The Big Kahuna (1999)

Plot: Larry Mann, Phil Cooper and Bob Walker of Chicago-based Lodestar Laboratories, which manufactures industrial lubricants, are attending a convention in Wichita, they doing most of their big business at the hospitality suite they are hosting. Marketing reps and friends Larry and Phil, who are company veterans, are old hands at the convention shtick. While married Larry, who nonetheless has a wandering eye, is outwardly the typical salesman in doing whatever he feel needs to be done to make sales, divorced Phil has a new sense of calm to him, whether that be because he no longer cares or of something else bigger in his life. This convention is Bob's first, he only having worked for the company in research straight out of school. Newlywed Bob is conservative, a bit naive and earnest to a fault, he leading a life following the scripture as literally as he can. Bob's role in the threesome is to add an air of knowledge in the scientific aspects of what they are selling, regardless of if he has any of that knowledge. According to Larry, the success or failure of the trip can be measured solely on if they land the account of Dick Fuller, the president of the largest manufacturing company in the Midwest, he who they have never met. As they await Fuller's arrival, not a guarantee that he will actually grace their suite of those at the convention, the three colleagues get into larger discussions of their work in relation to their lives, especially in the area of organized religion.

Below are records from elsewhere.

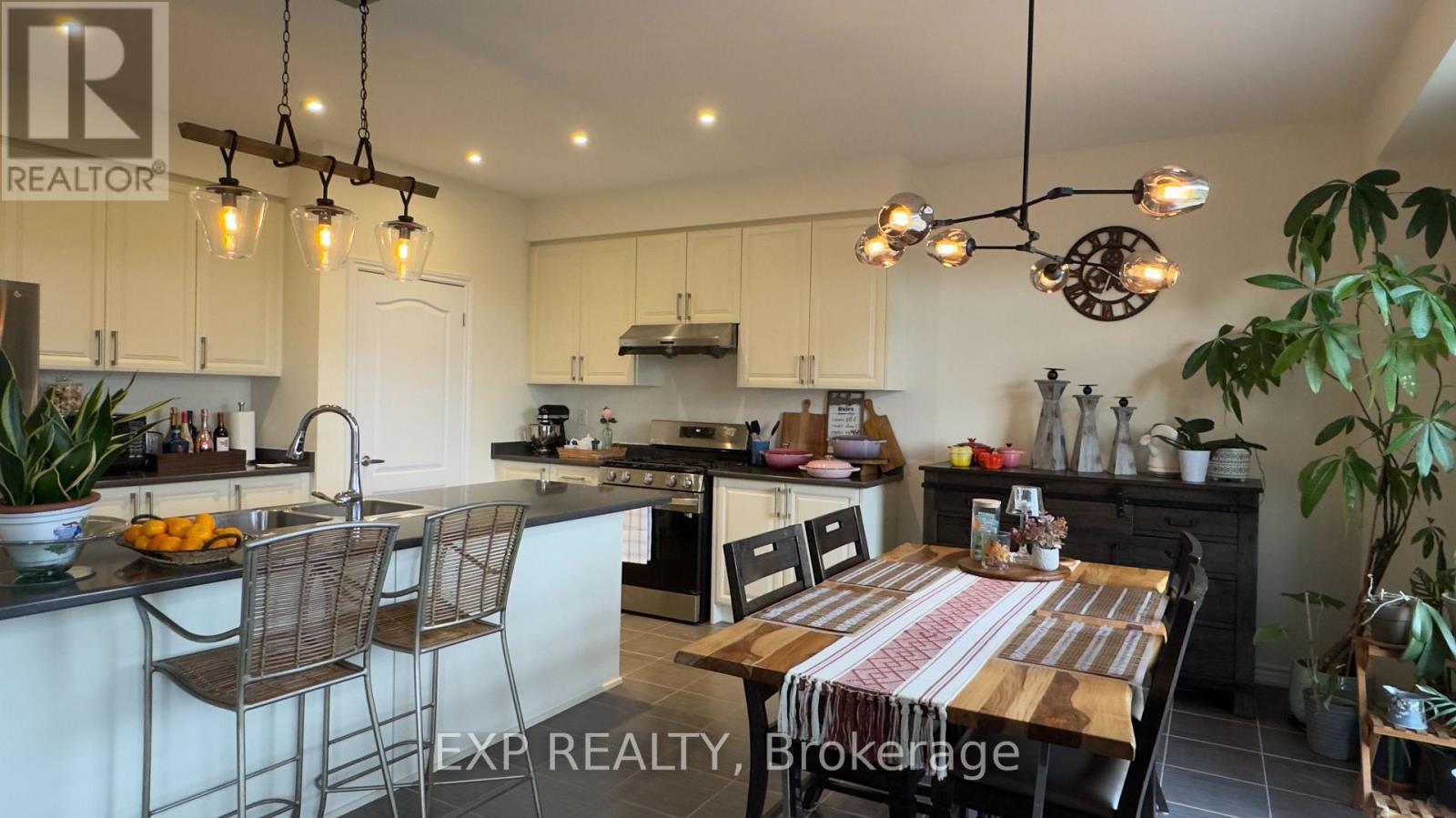 190 EXPLORER WAY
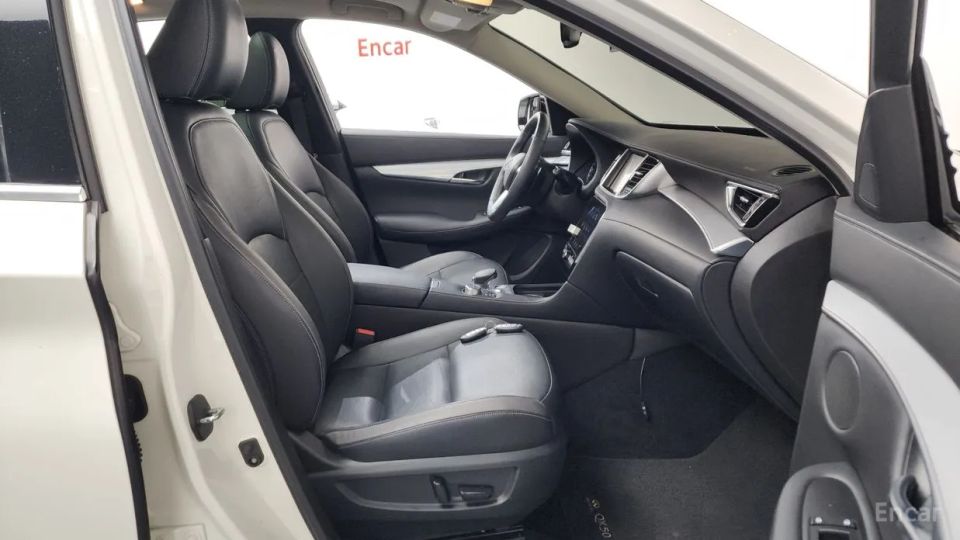 Infiniti QX50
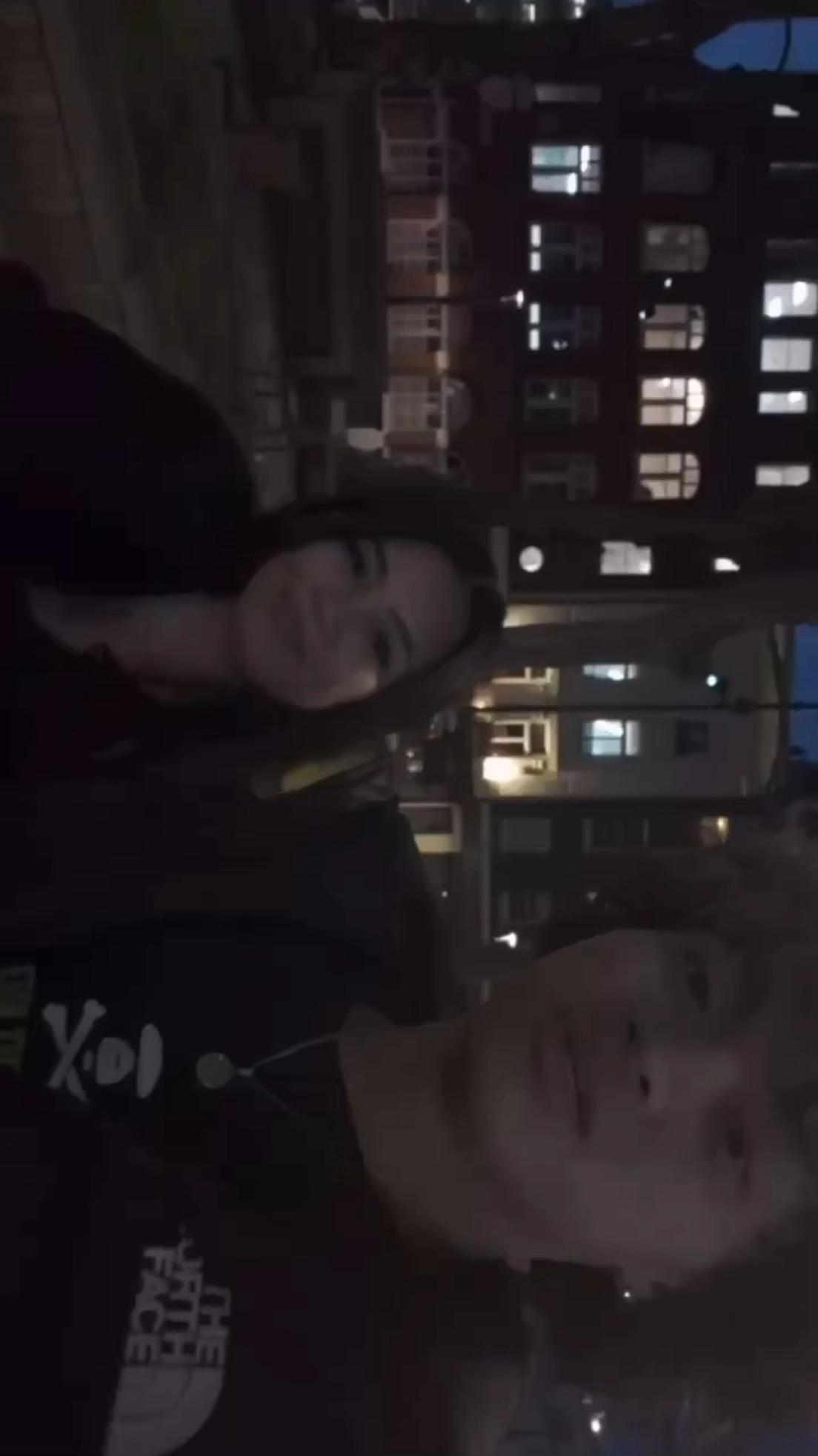 @𝐑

Alternative Plot: Three salesmen for a foundering industrial lubricant manufacturer hang out in their company's hospitality suite at a major convention, waiting for the arrival of a prospective customer they've privately dubbed "The Big Kahuna," whose potential sales would turn the struggling company around. Phil (Danny DeVito) plays peacemaker between the cynical, argumentative huckster, Larry (Kevin Spacey), and Bob (Peter Facinelli), the company's newest hire, whose religious sanctimony irritates Larry.